𝟏𝟐.
LOS LABIOS ÁSPEROS DE JACAERYS BESARON SUS MEJILLAS CON DEVOCIÓN, deslizándose suavemente por sus comisuras, su boca y su barbilla. Sin desprenderse de su piel, la humedad de sus caricias inundó sus sentidos cuando se pronunció debajo del lóbulo, donde Jace succionó con la presión suficiente para arrancarle un suspiro cargado de lujuria. Por una vez, no se escandalizó cuando sus dientes apretaron tan deliciosamente la carne sensible y erizada en su cuello hasta ponerla ansiosa y desesperada.
No tuvo el valor para formar una sola palabra, nada podía avergonzarla más que intentarlo.
En su lugar, él se alzó sobre sus brazos a cada lado de sus hombros y la miró por un breve instante, ensimismado.
Sus ojos, como un reflejo de los suyos, brillaron con el anhelo de un hombre dominado por el deseo; uno crudo, íntimo y casi visceral. Su pecho subía y bajaba a un ritmo acelerado, como si el aire se convirtiera en una espesa nube de vapor dentro de su habitación y ambos lucharan por el último aliento.
La recorrió con sus oscuras pupilas dilatadas, haciéndola sentir cohibida y vulnerable. Casi podía sentirlo rozar su garganta con la mirada, descendiendo por sus clavículas y el valle entre sus senos. Podía palpar su necesidad bajando por sus costillas desnudas, deteniéndose al borde del cordón flojo alrededor de su cintura que le permitía conservar una pizca de pudor.
El fondo para dormir a medio abrir apenas cubría su desnudez natural, tan ardiente bajo su propia piel que tomó una de sus manos–callosas y duras por el entrenamiento–y la colocó contra su vientre, invitándole a darle un tirón firme a la bata y ponerle fin a la tortura.
Jacaerys Velaryon inhaló hondo, sus ojos comiendo de su carne mientras uno de sus nudillos rozó el contorno de su estómago, haciéndola estremecer desde las entrañas.

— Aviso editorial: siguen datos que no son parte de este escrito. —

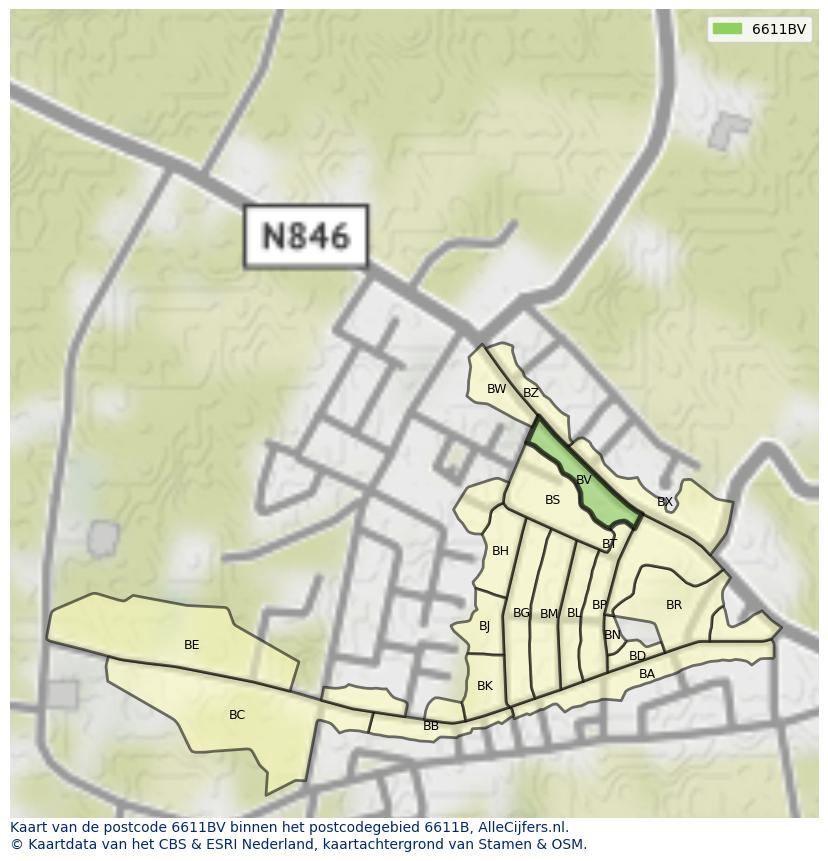 Afbeelding van het postcodegebied 6611 BV op de kaart.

Él gruñó con frustración, tan cerca de perder la cordura que arrancó la mano de su poder para no destrozar cada ofensivo retazo de tela que se encontraba entre él y la dulce experiencia de tenerla para sí mismo.
—No grites —Jace jadeó. Una orden y no una advertencia.
Visenya no tuvo la oportunidad de preguntar más nada al respecto. Sus pensamientos eran un laberinto intrincado de emociones que oscilaban entre la culpa, el placer, la desesperación y una implacable sensación de apetito. Los escalofríos que la quemaban desde adentro, arremetiendo y reprimiendo cada intento de reflexión.
Audaz para una princesa de sangre real perdiendo un poco de integridad bajo el peso de su propio hermano.
Jacaerys pronto mitigó hasta el más limitado juicio, escurriéndose bajo la falda de su fondo, justo entre sus piernas temblorosas.
Reaccionó con un gemido ahogado, sus rodillas se contrajeron en un acto de reflejo pero su vergüenza falló intrépidamente. Jacaerys sujetó sus extremidades con fuerza y, aunque su escasa visión no favoreció ningún reconocimiento previo, la forma en que su boca se unió al interior de su muslo izquierdo para morder fue más eficaz que una simple alerta.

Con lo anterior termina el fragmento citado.